I’d been staring at his lips the whole time he spoke, wanting to kiss him, wanting to slap him for the words issuing from them, willing myself not to cry, not to stammer. I placed one hand over my stomach and with the other I braced myself on the counter.

“Will, tell me something.”

“What?” His shoulders dropped. He knew what was coming.

“Did you ever love me?”

He looked down as though the answer were scribbled on a piece of paper balled up in one of his fists.

“I … did. And I still … think the world of you, Cassie. I do.” He pinched the bridge of his nose with two fingers before continuing.

“I still feel … very deeply for you, Cassie. But I can’t be in love with you. I won’t be. I won’t let myself. Because I want—no, I
need
, I seriously
need
my life to be more uncomplicated from now on. I’ve got Claire to look after now, and she’s going through some shit at school, and I’ve got a new business to run. Tracina and the baby are behind me now. And I just have to focus on having a quieter, simpler life. I need that. For my sanity.”

The silence that followed said everything.

It was over between us. Completely.

“I see.”

“But we
can
work together, Cassie. We’re not children. And good jobs aren’t easy to come by. Don’t punish yourself out of pride. Stay. I need you.”

What do you say to that? What do you do? Do you beat on the person’s chest, demanding that the heart let you in because the heart knows better than the brain? Or do you just nod and say,
Okay. Fine. I will stay. For now
.

That’s what I said, while a rivulet of liquid mercury entered my veins, solidifying and steeling me against any further rejection, or from ever opening my heart again. It happened so automatically it would have been almost awe-inspiring if it didn’t signal doom. This man had doomed me for love. I had shown him some of my true self, the parts I felt safe showing. But when my deeper secrets were revealed, he rejected me. And it wasn’t just rejection, it was denial, of everything I was and of everything I had been through.

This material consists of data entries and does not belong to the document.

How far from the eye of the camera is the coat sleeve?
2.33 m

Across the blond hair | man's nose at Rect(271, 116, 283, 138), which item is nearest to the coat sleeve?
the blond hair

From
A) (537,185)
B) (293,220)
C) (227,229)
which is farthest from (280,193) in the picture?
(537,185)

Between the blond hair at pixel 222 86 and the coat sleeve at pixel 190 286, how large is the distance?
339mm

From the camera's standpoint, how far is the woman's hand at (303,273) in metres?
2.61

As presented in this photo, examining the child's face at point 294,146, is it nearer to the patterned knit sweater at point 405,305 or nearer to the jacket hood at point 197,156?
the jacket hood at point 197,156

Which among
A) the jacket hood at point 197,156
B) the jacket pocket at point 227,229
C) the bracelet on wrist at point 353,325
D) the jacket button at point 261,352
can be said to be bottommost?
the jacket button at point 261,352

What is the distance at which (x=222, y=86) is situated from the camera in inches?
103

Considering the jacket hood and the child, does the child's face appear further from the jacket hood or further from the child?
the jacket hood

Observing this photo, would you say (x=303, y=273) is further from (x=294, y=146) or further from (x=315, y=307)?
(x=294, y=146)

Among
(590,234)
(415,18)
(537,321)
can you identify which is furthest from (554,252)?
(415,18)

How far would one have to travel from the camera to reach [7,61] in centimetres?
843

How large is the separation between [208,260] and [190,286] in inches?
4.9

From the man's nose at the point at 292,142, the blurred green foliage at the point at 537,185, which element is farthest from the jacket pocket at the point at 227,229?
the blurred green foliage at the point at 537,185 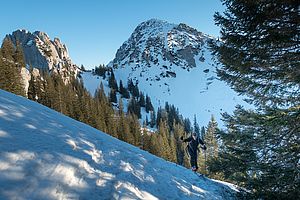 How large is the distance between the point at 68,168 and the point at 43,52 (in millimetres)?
133650

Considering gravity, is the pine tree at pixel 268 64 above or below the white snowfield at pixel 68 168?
above

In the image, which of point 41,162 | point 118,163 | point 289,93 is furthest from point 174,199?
point 289,93

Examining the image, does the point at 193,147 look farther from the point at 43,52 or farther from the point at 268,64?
the point at 43,52

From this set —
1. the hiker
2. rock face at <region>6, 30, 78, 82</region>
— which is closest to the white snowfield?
the hiker

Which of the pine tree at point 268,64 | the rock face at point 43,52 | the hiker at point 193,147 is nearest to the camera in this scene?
the pine tree at point 268,64

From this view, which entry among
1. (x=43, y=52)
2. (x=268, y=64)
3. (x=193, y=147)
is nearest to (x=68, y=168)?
(x=268, y=64)

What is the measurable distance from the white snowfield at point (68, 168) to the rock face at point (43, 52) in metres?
114

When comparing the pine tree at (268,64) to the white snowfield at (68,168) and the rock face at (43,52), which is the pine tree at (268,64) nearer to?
the white snowfield at (68,168)

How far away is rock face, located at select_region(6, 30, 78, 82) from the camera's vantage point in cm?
12594

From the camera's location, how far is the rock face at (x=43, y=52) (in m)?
126

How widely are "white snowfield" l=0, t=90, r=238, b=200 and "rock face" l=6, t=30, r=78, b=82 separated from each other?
113653 mm

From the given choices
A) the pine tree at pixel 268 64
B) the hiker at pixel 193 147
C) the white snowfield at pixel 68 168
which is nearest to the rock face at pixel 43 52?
the hiker at pixel 193 147

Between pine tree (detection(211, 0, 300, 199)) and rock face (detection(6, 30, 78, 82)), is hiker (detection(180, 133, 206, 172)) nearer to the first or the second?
pine tree (detection(211, 0, 300, 199))

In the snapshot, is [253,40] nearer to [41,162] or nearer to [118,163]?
[118,163] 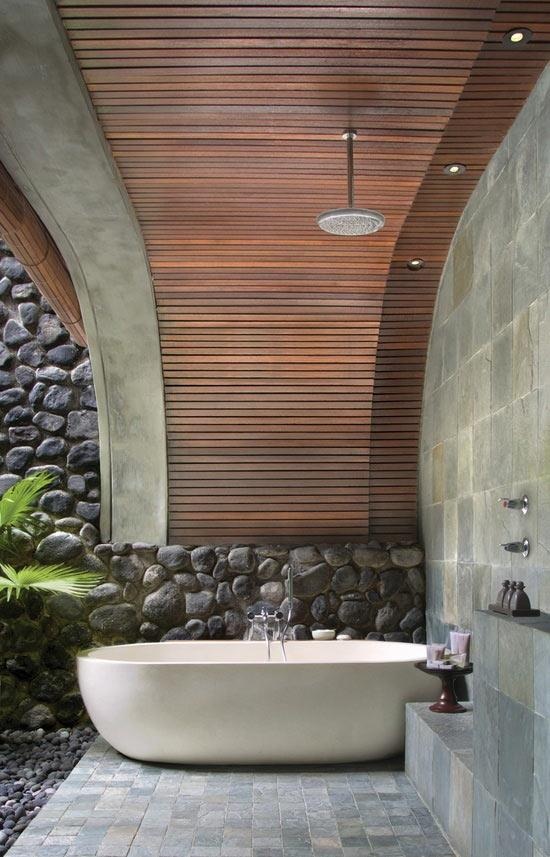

“So that’s it then?” I asked.

“I think so,” he said. “We were friends for a long time. I hope we can be friends again. I can be yours, I think, with time.”

He held out his hand. He wanted me to
shake
his hand? I looked at it like it was on fire.
Don’t cry right now. Cry later
.

And that’s what I did. I worked like a dog for the rest of my shift, training both Claire and our new hire, Maureen, a
bartender we stole from the Spotted Cat across the street and who’d eventually replace me downstairs. I hoped, despite their style clash (Claire was a hippie, Maureen a punk) and slight age difference (Claire was almost eighteen, Maureen, twenty-three) that they’d eventually get along.

I cashed out and left just as a truck pulled up in front of the store and parked. A huge canvas-covered sign jutted out of the cab, casting a shadow over the car behind it. I could make out the top of the big red
C
of
Cassie’s
, and that’s when it became all too much. I fled down Frenchmen, past the bike shop, past the Praline Connection and Maison, cutting a hard left at Chartres to the Spinster Hotel, marveling at how much life can change in twenty-four hours. Yesterday at this time, Will and I were heading to Latrobe’s dressed to the nines and looking forward to a future together. Today, I was in sneakers and a stained T-shirt, unlocking my door and running up the stairs leading to my third-floor apartment, barely holding back my tears.